=== Your task ===
Although the listing below holds pictures, reproduce only its lines from the one containing "한성기업 무볼레 왕건더기" through the last, exactly and without them.

=== Supplied data ===
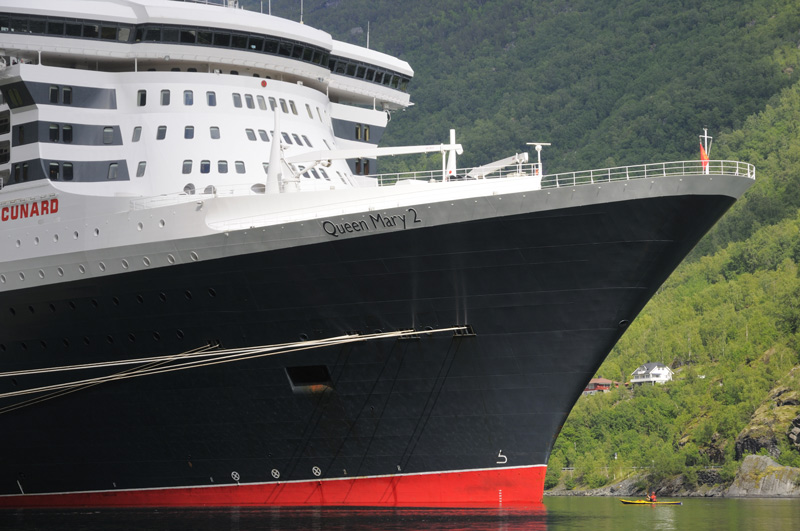 QM2 und Lettmann Magellan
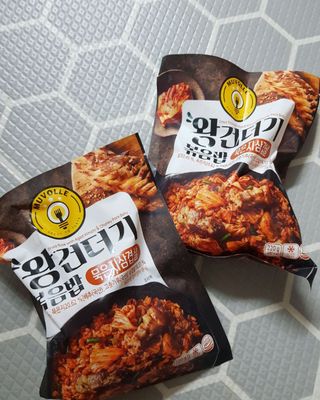 한성기업 무볼레 왕건더기 볶음밥 묵은지삼겹살 — 5점을 준 리뷰어가 2021년 10월 올린 사용 사진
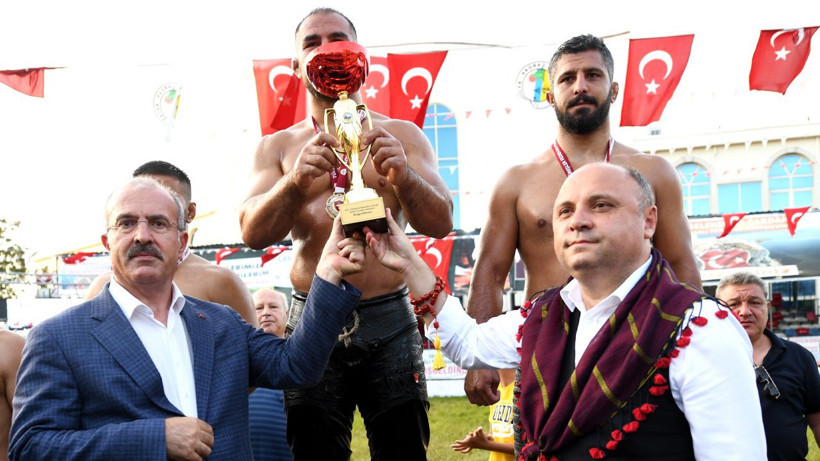 Tarihi Çardak Yağlı Güreşleri düzenlendi! Başsavcı Özkan Gürdoğan er meydanına indi - Resim: 5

=== Problem solution ===
 한성기업 무볼레 왕건더기 볶음밥 묵은지삼겹살 — 5점을 준 리뷰어가 2021년 10월 올린 사용 사진
 Tarihi Çardak Yağlı Güreşleri düzenlendi! Başsavcı Özkan Gürdoğan er meydanına indi - Resim: 5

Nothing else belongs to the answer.